La notion de cellule est-elle importante pour aborder le vivant ?

De manière classique, on considère qu’un être vivant se nourrit, grandit et se reproduit, définition qui reflète une approche de la biologie par les grandes fonctions : nutrition, croissance, reproduction. Après l’observation des propriétés des êtres vivants et de leurs comportements, la question de comprendre « comment ça marche ? » se pose.
Trop souvent, les objets ou les mécanismes qui se situent à l’échelle moléculaire sont évoqués sans qu’aucune référence à la notion de cellule soit faite. Ce fait paradoxal reflète la dominance de l’approche moléculaire dans les filières d’enseignement scientifique du secondaire. Il s’agit alors de savoir si la notion de cellule est mineure pour la compréhension du vivant, ou si au contraire elle a une place centrale qui justifierait de l’évoquer avec des enfants de l’école primaire.

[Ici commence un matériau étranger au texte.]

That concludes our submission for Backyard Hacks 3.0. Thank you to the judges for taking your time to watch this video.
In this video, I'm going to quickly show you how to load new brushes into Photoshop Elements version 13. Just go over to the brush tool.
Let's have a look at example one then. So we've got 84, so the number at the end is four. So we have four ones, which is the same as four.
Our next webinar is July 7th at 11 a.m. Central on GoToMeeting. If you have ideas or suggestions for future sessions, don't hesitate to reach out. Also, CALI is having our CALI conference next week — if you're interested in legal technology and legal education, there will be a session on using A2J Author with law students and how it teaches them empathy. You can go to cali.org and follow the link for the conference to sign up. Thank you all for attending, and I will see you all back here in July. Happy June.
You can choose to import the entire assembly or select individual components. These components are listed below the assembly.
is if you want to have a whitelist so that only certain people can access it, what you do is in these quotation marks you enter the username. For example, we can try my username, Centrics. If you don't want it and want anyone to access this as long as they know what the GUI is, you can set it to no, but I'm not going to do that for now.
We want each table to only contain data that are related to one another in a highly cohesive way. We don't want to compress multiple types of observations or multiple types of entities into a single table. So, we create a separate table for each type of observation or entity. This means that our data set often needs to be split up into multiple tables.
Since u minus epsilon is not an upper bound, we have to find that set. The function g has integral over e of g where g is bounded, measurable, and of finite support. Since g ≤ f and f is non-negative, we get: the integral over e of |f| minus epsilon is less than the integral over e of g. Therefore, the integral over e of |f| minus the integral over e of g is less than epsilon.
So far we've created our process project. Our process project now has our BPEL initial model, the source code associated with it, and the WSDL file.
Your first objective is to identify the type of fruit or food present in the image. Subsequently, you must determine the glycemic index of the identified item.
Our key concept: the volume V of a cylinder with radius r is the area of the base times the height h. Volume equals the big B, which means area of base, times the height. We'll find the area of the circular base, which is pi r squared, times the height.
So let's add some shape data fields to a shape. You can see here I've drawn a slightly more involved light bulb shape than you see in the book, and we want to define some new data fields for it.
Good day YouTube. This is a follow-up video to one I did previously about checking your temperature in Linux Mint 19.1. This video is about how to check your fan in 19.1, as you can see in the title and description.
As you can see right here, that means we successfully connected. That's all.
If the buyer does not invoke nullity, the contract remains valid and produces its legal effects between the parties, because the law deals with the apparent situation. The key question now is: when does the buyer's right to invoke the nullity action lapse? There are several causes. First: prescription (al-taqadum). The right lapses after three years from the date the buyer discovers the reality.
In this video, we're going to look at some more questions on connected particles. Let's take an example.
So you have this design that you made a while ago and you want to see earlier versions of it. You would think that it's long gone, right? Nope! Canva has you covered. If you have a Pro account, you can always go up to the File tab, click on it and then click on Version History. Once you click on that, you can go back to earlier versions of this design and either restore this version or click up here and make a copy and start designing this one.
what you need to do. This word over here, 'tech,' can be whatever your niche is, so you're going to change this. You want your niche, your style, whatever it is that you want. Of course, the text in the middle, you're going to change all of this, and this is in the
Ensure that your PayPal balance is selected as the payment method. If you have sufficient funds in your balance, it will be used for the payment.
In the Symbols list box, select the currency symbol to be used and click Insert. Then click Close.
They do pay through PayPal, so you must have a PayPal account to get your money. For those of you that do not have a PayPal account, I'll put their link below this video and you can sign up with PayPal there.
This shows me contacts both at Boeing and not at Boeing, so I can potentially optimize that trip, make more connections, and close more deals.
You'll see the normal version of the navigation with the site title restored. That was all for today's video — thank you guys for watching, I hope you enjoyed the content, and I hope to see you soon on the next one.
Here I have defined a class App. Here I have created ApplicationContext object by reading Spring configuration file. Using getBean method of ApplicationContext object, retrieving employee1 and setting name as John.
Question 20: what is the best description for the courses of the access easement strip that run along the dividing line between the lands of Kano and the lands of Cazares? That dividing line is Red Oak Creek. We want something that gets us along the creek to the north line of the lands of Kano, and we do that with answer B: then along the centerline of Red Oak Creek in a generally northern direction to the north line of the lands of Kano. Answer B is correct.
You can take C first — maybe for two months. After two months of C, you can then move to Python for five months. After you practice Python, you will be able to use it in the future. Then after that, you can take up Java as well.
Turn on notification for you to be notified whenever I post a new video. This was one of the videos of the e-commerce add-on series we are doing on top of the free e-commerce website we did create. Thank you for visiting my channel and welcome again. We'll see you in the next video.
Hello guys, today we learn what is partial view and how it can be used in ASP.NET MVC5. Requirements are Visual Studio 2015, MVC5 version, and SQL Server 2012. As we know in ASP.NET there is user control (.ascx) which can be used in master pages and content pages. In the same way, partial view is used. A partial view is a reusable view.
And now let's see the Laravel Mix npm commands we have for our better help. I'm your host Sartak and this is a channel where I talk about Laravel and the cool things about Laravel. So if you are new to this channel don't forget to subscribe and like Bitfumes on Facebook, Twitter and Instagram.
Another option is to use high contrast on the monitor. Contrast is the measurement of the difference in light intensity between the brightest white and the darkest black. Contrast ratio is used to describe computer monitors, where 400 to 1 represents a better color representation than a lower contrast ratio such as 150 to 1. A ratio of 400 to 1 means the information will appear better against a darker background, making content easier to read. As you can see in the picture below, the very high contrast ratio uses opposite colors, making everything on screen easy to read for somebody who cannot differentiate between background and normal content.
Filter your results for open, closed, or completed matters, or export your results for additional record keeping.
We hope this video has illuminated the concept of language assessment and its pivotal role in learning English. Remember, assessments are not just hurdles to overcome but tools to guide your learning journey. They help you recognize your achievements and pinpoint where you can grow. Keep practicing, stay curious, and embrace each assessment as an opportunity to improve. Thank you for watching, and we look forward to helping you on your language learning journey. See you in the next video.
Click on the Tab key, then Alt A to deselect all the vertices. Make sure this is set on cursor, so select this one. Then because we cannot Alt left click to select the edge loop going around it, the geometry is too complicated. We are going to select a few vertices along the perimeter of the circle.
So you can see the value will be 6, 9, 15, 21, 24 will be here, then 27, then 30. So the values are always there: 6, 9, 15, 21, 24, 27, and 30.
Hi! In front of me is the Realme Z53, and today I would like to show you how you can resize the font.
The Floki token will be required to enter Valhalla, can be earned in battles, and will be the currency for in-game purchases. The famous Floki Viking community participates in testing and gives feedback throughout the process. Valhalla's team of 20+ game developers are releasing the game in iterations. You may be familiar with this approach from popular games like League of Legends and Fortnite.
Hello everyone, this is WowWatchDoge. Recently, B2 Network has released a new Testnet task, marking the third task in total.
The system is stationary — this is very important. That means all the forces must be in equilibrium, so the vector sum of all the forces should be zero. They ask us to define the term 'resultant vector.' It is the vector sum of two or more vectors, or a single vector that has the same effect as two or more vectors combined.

Qu’est-ce qui est vivant ?

Comme nous venons de l’énoncer, la définition courante d’un être vivant est qu’il « se nourrit, grandit et se reproduit », autrement dit qu’il est capable de remplir les fonctions de nutrition, de croissance et de reproduction. On pourrait étendre la liste des fonctions en y ajoutant par exemple la locomotion, la communication ou le système de défense. On dirait alors qu’un être vivant « se déplace, communique et se défend ». Pour tenter de clarifier la situation, on peut se demander s’il existe dans le monde inanimé, non vivant, des objets capables de remplir chacune ou la plupart de ces fonctions. Un observateur situé sur la Lune aurait beau jeu d’affirmer que les véhicules automobiles sont vivants car ils se déplacent, en grand nombre à certaines heures, certains jours ou à certaines périodes de l’année, qu’ils communiquent à l’aide de signaux sonores ou lumineux, et qu’ils se défendent ou s’attaquent en se heurtant ou en s’envoyant des projectiles. De plus ils se nourrissent d’un liquide odorant collecté dans des stations-service et ils se reproduisent dans des usines. En cherchant bien, on en trouve même qui grandissent en longueur ou en hauteur.
On pourrait citer nombre d’exemples qui invalideraient chaque critère pris isolément. L’exemple qui précède montre que la conjonction des fonctions est peut-être une condition nécessaire, mais pas suffisante, pour définir les critères du vivant. C’est dans la capacité d’un être vivant à remplir les fonctions de lui-même, par ses propres moyens, qu’il faut rechercher la solution. En d’autres termes, c’est l’autonomie dans l’exécution des fonctions qui semble caractériser l’être vivant : il fonctionne, interagit avec son milieu et se reproduit au cours des générations selon ses propriétés intrinsèques.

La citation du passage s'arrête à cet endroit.